Reference [45] presents a new silicon and Dammar-modified binder that reduces the use of synthetic binder and that has improved and more ecological properties. The optimal composition for this binder was determined, ensuring the best properties for impact stress, hardness, traction, and adherence. Reference [46] studies how the Dammar addition contributed to improving the rigidity, elasticity modulus, and hardness of a modified silicone.

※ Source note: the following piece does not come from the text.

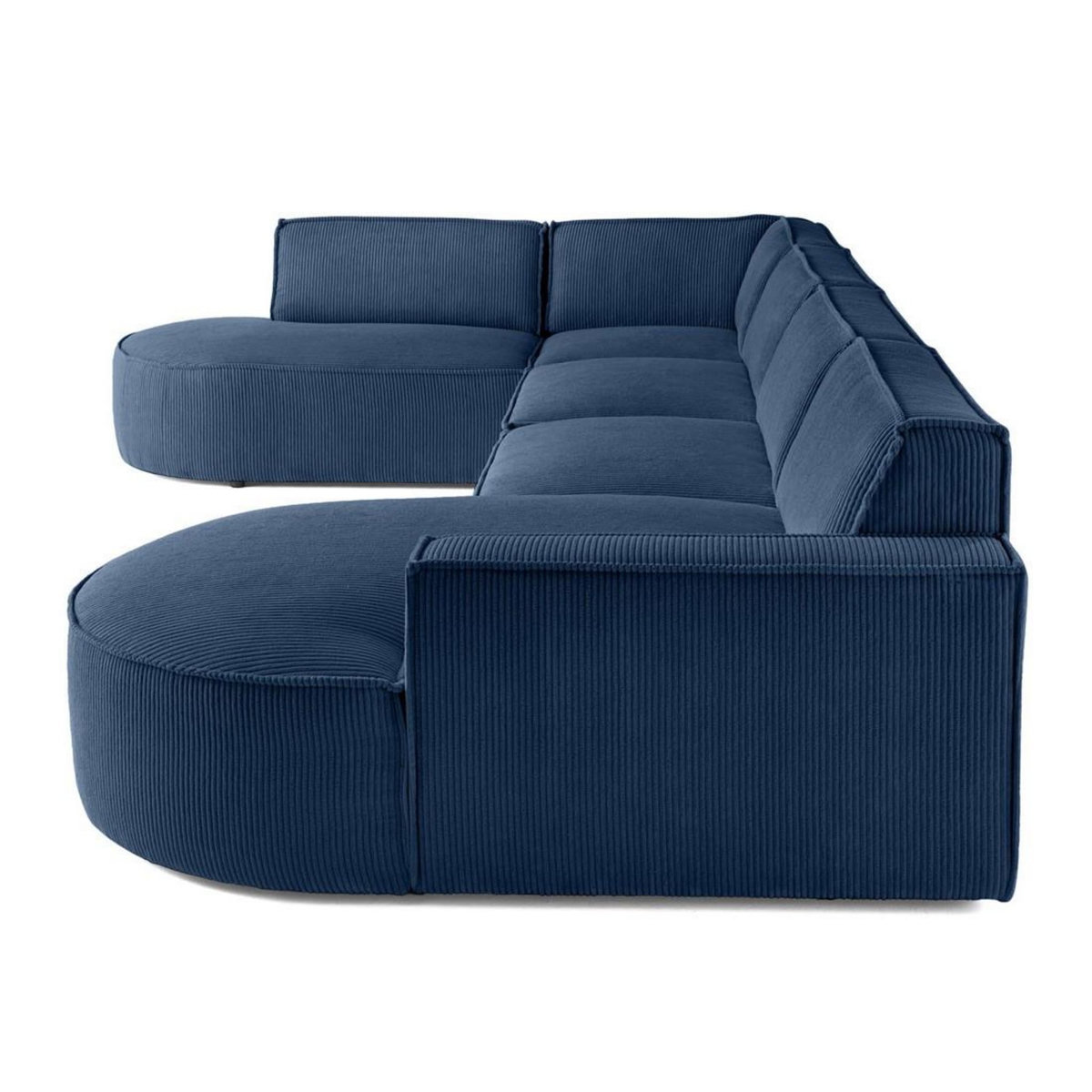 LISA DESIGN Spiaggia - canapé panoramique d'angle gauche - 7 places - en velours côtelé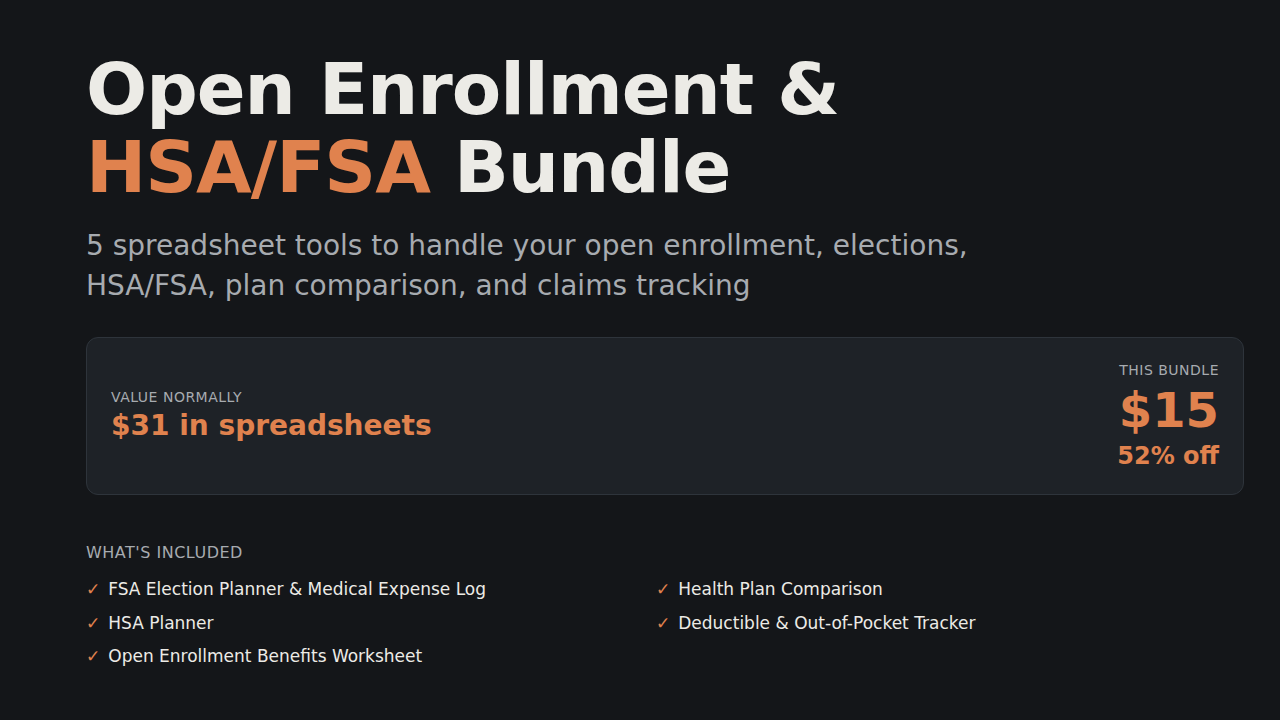 Open Enrollment & HSA/FSA Bundle preview with sample data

There are quite a few analyses of the mechanical behavior of natural resins. Reference [47] investigates the mechanical features (tensile strength, percentage elongation and Young’s modulus), the water vapor transmission characteristics, and the characteristics of humidity absorption in Dammar films that contain and that do not contain softening agents. The reaction to the compression stress of the oil palm trunk treated with various amounts of Dammar resin was studied in [48]. Also, there are few studies of composite materials with both the matrix and the reinforcement of natural materials. References [49,50] examine the mechanical behavior of some composite materials with a matrix of Dammar-based resin and the reinforcement of cotton, flax, silk, and hemp fabric.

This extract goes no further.